Biohaven's IgG Degrader Takes on Graves' Disease in First Phase 3 Trial of This Novel Antibody-Depleting Approach

Biohaven Therapeutics has registered the first Phase 3 trial of a MoDE (Modular Degradation Engine) IgG degrader designed to treat Graves’ hyperthyroidism, signaling a potential pivot away from a treatment landscape that has changed little in decades.

The study — a double-blind, multicenter, randomized, placebo-controlled trial — will enroll 300 adults aged 18 to 70 with serologically confirmed, actively hyperthyroid Graves’ disease. Participants cannot have prior radioactive iodine (RAI) treatment or thyroid surgery, making this a first-line biologics test in treatment-naïve patients (NCT07661056).

The mechanism

BHV-1300 is a MoDE (Modular Degradation Engine) small-molecule IgG degrader — a mechanistic class Biohaven explicitly distinguishes from FcRn inhibitors. Rather than blocking the neonatal Fc receptor that recycles IgG antibodies, BHV-1300 routes IgG toward degradation through a separate pathway, without interacting with FcRn. By depleting IgG, the drug reduces all IgG subclasses — including TSH receptor antibodies (TRAb), the autoantibodies that drive hyperthyroidism in Graves’ disease. The hypothesis: deplete TRAb fast enough and the thyroid quiets down without lifelong drug dependence.

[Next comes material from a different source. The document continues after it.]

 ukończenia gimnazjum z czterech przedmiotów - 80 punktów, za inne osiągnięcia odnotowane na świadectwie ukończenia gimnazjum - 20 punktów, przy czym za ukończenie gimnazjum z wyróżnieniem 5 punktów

What the trial is measuring

The primary endpoint is the number of participants who are off antithyroid drugs (ATD) with normal Total T3, free T4, and TSH at Week 26 — a composite euthyroidism-off-treatment bar. Pre-specified secondary endpoints include: TRAb (TBII) change from baseline at Weeks 6 and 26; total IgG change at Weeks 6 and 26; proportion off ATD with normal Total T3 and free T4 at Week 26; time to normal thyroid hormones off ATD; time to euthyroidism off ATD; TRAb seronegativity at Week 26; and the composite of euthyroid, off ATD, and TRAb seronegative at Week 26. Safety secondaries track serious adverse events, Grade 3/4 lab abnormalities, and discontinuations.

Standard options — ATDs, RAI, thyroidectomy — carry well-known trade-offs: high ATD relapse rates, permanent hypothyroidism after ablation, and surgical risk. An IgG-depleting strategy that eliminates the causative autoantibody could offer durable remission without those consequences, though that claim remains unproven at this scale.

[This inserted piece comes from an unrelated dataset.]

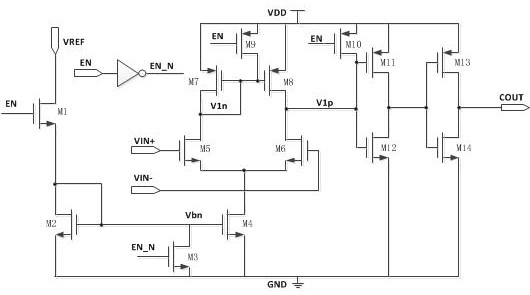 Chip pin circuit, chip and device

The trial is slated to begin enrolling in June 2026, with primary completion estimated in January 2028. BHV-1300 is investigational and not approved for any indication.

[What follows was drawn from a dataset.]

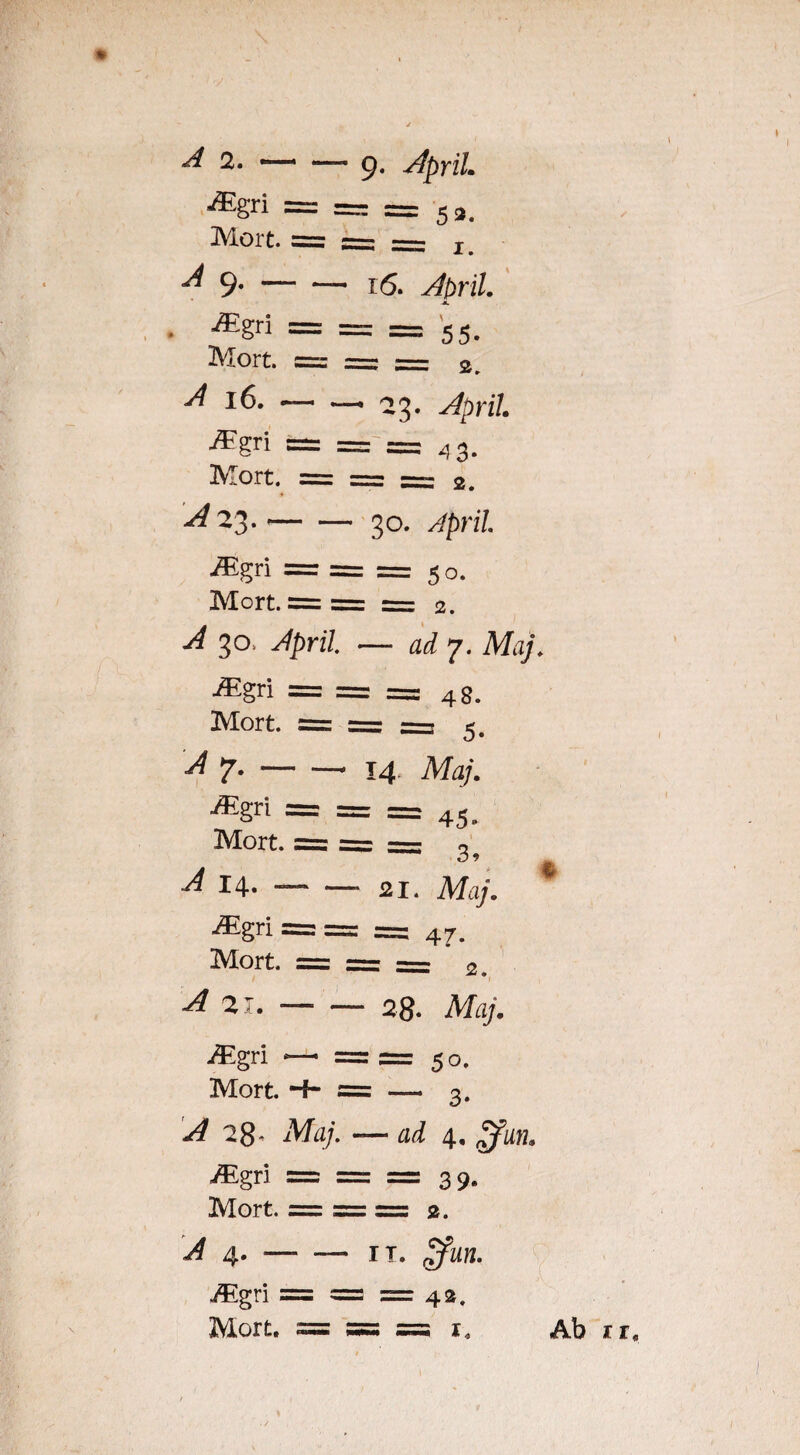 A 2.-9. Jpril. ■®gri = === = S3. Mort. = e=B — j ^ 9--16. April. ■ M<ft — ~ = 5S' ■d 16. — 23. April. ^Sr> ==_= = 4 3- ■A 23. — — 30. April. -ffigri = = = 50. Mort. ===== 2. d 30, April. — ad 7. Maj. ^gri = = = 48. A 7.-14 Maj. MSri — Z = 45'  3? A 14. —-21. Maj. » ^Egri = = = 47. ^21.-28. Maj. JEgti — ===== 5o. Mort. -i- = — 3. A 28* Maj. -— ad 4, Z?m. Mgri = = = 39. A 4.-it. nfun. Ab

Correction — June 23, 2026: Two critical errors have been corrected in this article. (1) The headline and body originally described BHV-1300 as an “FcRn Blocker” and “FcRn inhibitor.” BHV-1300 is a MoDE (Modular Degradation Engine) small-molecule IgG degrader that, per Biohaven, does not interact with FcRn; the mechanism section has been rewritten accordingly. (2) The original text stated this was “the first Phase 3 trial of an FcRn inhibitor specifically designed to treat Graves’ hyperthyroidism.” This claim was wrong on two counts: BHV-1300 is not an FcRn inhibitor, and prior FcRn inhibitor trials for Graves’ disease exist (including a batoclimab Phase 2 proof-of-concept study and an IMVT-1402 extension study). The article now accurately describes BHV-1300 as the first Phase 3 trial of a MoDE IgG degrader for Graves’ hyperthyroidism.